What the exercise asks
Write out every record below exactly, so that nothing differs from what is shown.

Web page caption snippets
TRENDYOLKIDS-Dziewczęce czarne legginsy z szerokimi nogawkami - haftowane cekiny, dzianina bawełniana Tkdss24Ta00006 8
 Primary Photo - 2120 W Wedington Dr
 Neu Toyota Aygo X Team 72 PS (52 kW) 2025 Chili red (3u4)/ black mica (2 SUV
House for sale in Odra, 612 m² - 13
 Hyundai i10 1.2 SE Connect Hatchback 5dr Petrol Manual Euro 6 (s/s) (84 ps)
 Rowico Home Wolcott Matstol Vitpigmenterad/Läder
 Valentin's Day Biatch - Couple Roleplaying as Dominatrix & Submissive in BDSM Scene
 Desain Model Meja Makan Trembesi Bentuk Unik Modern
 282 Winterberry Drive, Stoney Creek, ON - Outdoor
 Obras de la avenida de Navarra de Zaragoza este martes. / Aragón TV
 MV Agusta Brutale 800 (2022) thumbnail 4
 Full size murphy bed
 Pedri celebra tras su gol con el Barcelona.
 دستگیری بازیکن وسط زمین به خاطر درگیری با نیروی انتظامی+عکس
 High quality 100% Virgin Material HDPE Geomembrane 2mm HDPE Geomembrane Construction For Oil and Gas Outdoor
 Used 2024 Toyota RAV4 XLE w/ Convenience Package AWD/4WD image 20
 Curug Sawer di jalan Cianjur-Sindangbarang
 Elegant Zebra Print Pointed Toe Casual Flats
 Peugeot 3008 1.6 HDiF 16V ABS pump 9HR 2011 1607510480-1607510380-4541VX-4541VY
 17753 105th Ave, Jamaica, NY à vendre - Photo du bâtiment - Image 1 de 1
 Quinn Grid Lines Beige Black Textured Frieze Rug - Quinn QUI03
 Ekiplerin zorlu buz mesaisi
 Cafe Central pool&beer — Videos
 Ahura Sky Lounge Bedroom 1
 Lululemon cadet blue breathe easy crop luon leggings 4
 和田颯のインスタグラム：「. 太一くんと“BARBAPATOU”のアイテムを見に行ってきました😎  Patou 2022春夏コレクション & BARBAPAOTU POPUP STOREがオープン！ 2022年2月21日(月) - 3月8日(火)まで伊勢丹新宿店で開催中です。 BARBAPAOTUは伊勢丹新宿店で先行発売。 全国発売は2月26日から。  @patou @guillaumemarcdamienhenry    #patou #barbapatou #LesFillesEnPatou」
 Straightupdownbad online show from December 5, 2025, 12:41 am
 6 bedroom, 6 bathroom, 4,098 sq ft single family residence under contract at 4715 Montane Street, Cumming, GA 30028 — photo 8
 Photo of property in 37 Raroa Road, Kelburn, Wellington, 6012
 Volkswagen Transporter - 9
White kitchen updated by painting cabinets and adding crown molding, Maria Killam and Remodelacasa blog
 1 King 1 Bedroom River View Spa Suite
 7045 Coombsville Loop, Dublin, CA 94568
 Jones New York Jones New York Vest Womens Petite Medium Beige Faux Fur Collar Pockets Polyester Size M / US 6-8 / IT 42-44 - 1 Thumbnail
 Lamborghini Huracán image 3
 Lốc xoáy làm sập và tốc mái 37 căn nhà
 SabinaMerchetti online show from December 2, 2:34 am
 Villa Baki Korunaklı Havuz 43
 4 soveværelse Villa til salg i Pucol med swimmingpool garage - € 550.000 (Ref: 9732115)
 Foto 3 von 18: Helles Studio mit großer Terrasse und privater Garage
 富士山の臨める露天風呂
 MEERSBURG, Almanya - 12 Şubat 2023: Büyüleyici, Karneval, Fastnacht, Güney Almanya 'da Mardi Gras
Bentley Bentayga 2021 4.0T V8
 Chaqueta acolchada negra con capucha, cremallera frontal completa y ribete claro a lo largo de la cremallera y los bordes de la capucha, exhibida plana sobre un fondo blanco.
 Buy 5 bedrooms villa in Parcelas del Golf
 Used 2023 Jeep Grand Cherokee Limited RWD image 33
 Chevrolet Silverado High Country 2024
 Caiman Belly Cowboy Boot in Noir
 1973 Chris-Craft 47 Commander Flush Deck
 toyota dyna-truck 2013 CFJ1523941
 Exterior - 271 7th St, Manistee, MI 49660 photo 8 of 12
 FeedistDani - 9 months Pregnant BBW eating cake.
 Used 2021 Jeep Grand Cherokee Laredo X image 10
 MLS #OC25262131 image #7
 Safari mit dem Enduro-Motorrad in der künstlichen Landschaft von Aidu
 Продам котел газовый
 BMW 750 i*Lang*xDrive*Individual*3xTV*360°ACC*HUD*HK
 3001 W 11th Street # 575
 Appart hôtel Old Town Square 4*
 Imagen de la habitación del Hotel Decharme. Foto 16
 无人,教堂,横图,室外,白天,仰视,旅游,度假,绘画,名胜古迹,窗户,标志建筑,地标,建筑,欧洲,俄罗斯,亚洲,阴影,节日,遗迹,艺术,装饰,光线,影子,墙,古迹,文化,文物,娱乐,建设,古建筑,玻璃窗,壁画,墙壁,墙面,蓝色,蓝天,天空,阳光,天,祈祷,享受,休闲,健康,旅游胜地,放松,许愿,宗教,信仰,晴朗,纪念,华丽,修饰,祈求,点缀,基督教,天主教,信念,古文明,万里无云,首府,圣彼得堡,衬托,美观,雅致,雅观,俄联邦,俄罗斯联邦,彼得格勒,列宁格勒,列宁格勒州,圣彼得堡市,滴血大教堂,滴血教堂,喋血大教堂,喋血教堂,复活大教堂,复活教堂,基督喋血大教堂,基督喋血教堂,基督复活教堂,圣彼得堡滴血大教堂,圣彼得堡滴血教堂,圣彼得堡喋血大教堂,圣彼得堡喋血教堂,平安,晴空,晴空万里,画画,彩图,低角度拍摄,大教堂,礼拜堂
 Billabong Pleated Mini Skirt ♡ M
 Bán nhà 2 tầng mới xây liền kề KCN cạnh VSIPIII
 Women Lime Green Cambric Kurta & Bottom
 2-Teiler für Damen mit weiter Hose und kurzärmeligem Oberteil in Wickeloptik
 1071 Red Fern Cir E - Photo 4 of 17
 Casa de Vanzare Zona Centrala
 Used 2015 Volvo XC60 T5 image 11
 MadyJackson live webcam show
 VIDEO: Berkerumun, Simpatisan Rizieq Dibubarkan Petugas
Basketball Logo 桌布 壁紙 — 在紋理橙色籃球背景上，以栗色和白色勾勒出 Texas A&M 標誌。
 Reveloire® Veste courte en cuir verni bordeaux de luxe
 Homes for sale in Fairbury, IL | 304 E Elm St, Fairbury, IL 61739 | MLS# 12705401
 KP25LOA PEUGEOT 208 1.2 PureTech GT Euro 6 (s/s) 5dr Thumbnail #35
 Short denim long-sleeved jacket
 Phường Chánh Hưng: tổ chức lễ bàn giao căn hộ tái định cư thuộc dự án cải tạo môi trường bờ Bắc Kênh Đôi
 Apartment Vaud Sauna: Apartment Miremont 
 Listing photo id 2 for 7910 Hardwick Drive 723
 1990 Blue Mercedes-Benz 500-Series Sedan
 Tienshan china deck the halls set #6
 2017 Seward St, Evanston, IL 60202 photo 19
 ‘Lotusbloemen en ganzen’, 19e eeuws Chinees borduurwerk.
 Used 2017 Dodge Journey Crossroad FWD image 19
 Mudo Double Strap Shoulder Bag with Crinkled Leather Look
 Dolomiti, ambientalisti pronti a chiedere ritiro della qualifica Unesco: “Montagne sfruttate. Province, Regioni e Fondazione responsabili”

Result for this task
TRENDYOLKIDS-Dziewczęce czarne legginsy z szerokimi nogawkami - haftowane cekiny, dzianina bawełniana Tkdss24Ta00006 8
 Primary Photo - 2120 W Wedington Dr
 Neu Toyota Aygo X Team 72 PS (52 kW) 2025 Chili red (3u4)/ black mica (2 SUV
House for sale in Odra, 612 m² - 13
 Hyundai i10 1.2 SE Connect Hatchback 5dr Petrol Manual Euro 6 (s/s) (84 ps)
 Rowico Home Wolcott Matstol Vitpigmenterad/Läder
 Valentin's Day Biatch - Couple Roleplaying as Dominatrix & Submissive in BDSM Scene
 Desain Model Meja Makan Trembesi Bentuk Unik Modern
 282 Winterberry Drive, Stoney Creek, ON - Outdoor
 Obras de la avenida de Navarra de Zaragoza este martes. / Aragón TV
 MV Agusta Brutale 800 (2022) thumbnail 4
 Full size murphy bed
 Pedri celebra tras su gol con el Barcelona.
 دستگیری بازیکن وسط زمین به خاطر درگیری با نیروی انتظامی+عکس
 High quality 100% Virgin Material HDPE Geomembrane 2mm HDPE Geomembrane Construction For Oil and Gas Outdoor
 Used 2024 Toyota RAV4 XLE w/ Convenience Package AWD/4WD image 20
 Curug Sawer di jalan Cianjur-Sindangbarang
 Elegant Zebra Print Pointed Toe Casual Flats
 Peugeot 3008 1.6 HDiF 16V ABS pump 9HR 2011 1607510480-1607510380-4541VX-4541VY
 17753 105th Ave, Jamaica, NY à vendre - Photo du bâtiment - Image 1 de 1
 Quinn Grid Lines Beige Black Textured Frieze Rug - Quinn QUI03
 Ekiplerin zorlu buz mesaisi
 Cafe Central pool&beer — Videos
 Ahura Sky Lounge Bedroom 1
 Lululemon cadet blue breathe easy crop luon leggings 4
 和田颯のインスタグラム：「. 太一くんと“BARBAPATOU”のアイテムを見に行ってきました😎  Patou 2022春夏コレクション & BARBAPAOTU POPUP STOREがオープン！ 2022年2月21日(月) - 3月8日(火)まで伊勢丹新宿店で開催中です。 BARBAPAOTUは伊勢丹新宿店で先行発売。 全国発売は2月26日から。  @patou @guillaumemarcdamienhenry    #patou #barbapatou #LesFillesEnPatou」
 Straightupdownbad online show from December 5, 2025, 12:41 am
 6 bedroom, 6 bathroom, 4,098 sq ft single family residence under contract at 4715 Montane Street, Cumming, GA 30028 — photo 8
 Photo of property in 37 Raroa Road, Kelburn, Wellington, 6012
 Volkswagen Transporter - 9
White kitchen updated by painting cabinets and adding crown molding, Maria Killam and Remodelacasa blog
 1 King 1 Bedroom River View Spa Suite
 7045 Coombsville Loop, Dublin, CA 94568
 Jones New York Jones New York Vest Womens Petite Medium Beige Faux Fur Collar Pockets Polyester Size M / US 6-8 / IT 42-44 - 1 Thumbnail
 Lamborghini Huracán image 3
 Lốc xoáy làm sập và tốc mái 37 căn nhà
 SabinaMerchetti online show from December 2, 2:34 am
 Villa Baki Korunaklı Havuz 43
 4 soveværelse Villa til salg i Pucol med swimmingpool garage - € 550.000 (Ref: 9732115)
 Foto 3 von 18: Helles Studio mit großer Terrasse und privater Garage
 富士山の臨める露天風呂
 MEERSBURG, Almanya - 12 Şubat 2023: Büyüleyici, Karneval, Fastnacht, Güney Almanya 'da Mardi Gras
Bentley Bentayga 2021 4.0T V8
 Chaqueta acolchada negra con capucha, cremallera frontal completa y ribete claro a lo largo de la cremallera y los bordes de la capucha, exhibida plana sobre un fondo blanco.
 Buy 5 bedrooms villa in Parcelas del Golf
 Used 2023 Jeep Grand Cherokee Limited RWD image 33
 Chevrolet Silverado High Country 2024
 Caiman Belly Cowboy Boot in Noir
 1973 Chris-Craft 47 Commander Flush Deck
 toyota dyna-truck 2013 CFJ1523941
 Exterior - 271 7th St, Manistee, MI 49660 photo 8 of 12
 FeedistDani - 9 months Pregnant BBW eating cake.
 Used 2021 Jeep Grand Cherokee Laredo X image 10
 MLS #OC25262131 image #7
 Safari mit dem Enduro-Motorrad in der künstlichen Landschaft von Aidu
 Продам котел газовый
 BMW 750 i*Lang*xDrive*Individual*3xTV*360°ACC*HUD*HK
 3001 W 11th Street # 575
 Appart hôtel Old Town Square 4*
 Imagen de la habitación del Hotel Decharme. Foto 16
 无人,教堂,横图,室外,白天,仰视,旅游,度假,绘画,名胜古迹,窗户,标志建筑,地标,建筑,欧洲,俄罗斯,亚洲,阴影,节日,遗迹,艺术,装饰,光线,影子,墙,古迹,文化,文物,娱乐,建设,古建筑,玻璃窗,壁画,墙壁,墙面,蓝色,蓝天,天空,阳光,天,祈祷,享受,休闲,健康,旅游胜地,放松,许愿,宗教,信仰,晴朗,纪念,华丽,修饰,祈求,点缀,基督教,天主教,信念,古文明,万里无云,首府,圣彼得堡,衬托,美观,雅致,雅观,俄联邦,俄罗斯联邦,彼得格勒,列宁格勒,列宁格勒州,圣彼得堡市,滴血大教堂,滴血教堂,喋血大教堂,喋血教堂,复活大教堂,复活教堂,基督喋血大教堂,基督喋血教堂,基督复活教堂,圣彼得堡滴血大教堂,圣彼得堡滴血教堂,圣彼得堡喋血大教堂,圣彼得堡喋血教堂,平安,晴空,晴空万里,画画,彩图,低角度拍摄,大教堂,礼拜堂
 Billabong Pleated Mini Skirt ♡ M
 Bán nhà 2 tầng mới xây liền kề KCN cạnh VSIPIII
 Women Lime Green Cambric Kurta & Bottom
 2-Teiler für Damen mit weiter Hose und kurzärmeligem Oberteil in Wickeloptik
 1071 Red Fern Cir E - Photo 4 of 17
 Casa de Vanzare Zona Centrala
 Used 2015 Volvo XC60 T5 image 11
 MadyJackson live webcam show
 VIDEO: Berkerumun, Simpatisan Rizieq Dibubarkan Petugas
Basketball Logo 桌布 壁紙 — 在紋理橙色籃球背景上，以栗色和白色勾勒出 Texas A&M 標誌。
 Reveloire® Veste courte en cuir verni bordeaux de luxe
 Homes for sale in Fairbury, IL | 304 E Elm St, Fairbury, IL 61739 | MLS# 12705401
 KP25LOA PEUGEOT 208 1.2 PureTech GT Euro 6 (s/s) 5dr Thumbnail #35
 Short denim long-sleeved jacket
 Phường Chánh Hưng: tổ chức lễ bàn giao căn hộ tái định cư thuộc dự án cải tạo môi trường bờ Bắc Kênh Đôi
 Apartment Vaud Sauna: Apartment Miremont 
 Listing photo id 2 for 7910 Hardwick Drive 723
 1990 Blue Mercedes-Benz 500-Series Sedan
 Tienshan china deck the halls set #6
 2017 Seward St, Evanston, IL 60202 photo 19
 ‘Lotusbloemen en ganzen’, 19e eeuws Chinees borduurwerk.
 Used 2017 Dodge Journey Crossroad FWD image 19
 Mudo Double Strap Shoulder Bag with Crinkled Leather Look
 Dolomiti, ambientalisti pronti a chiedere ritiro della qualifica Unesco: “Montagne sfruttate. Province, Regioni e Fondazione responsabili”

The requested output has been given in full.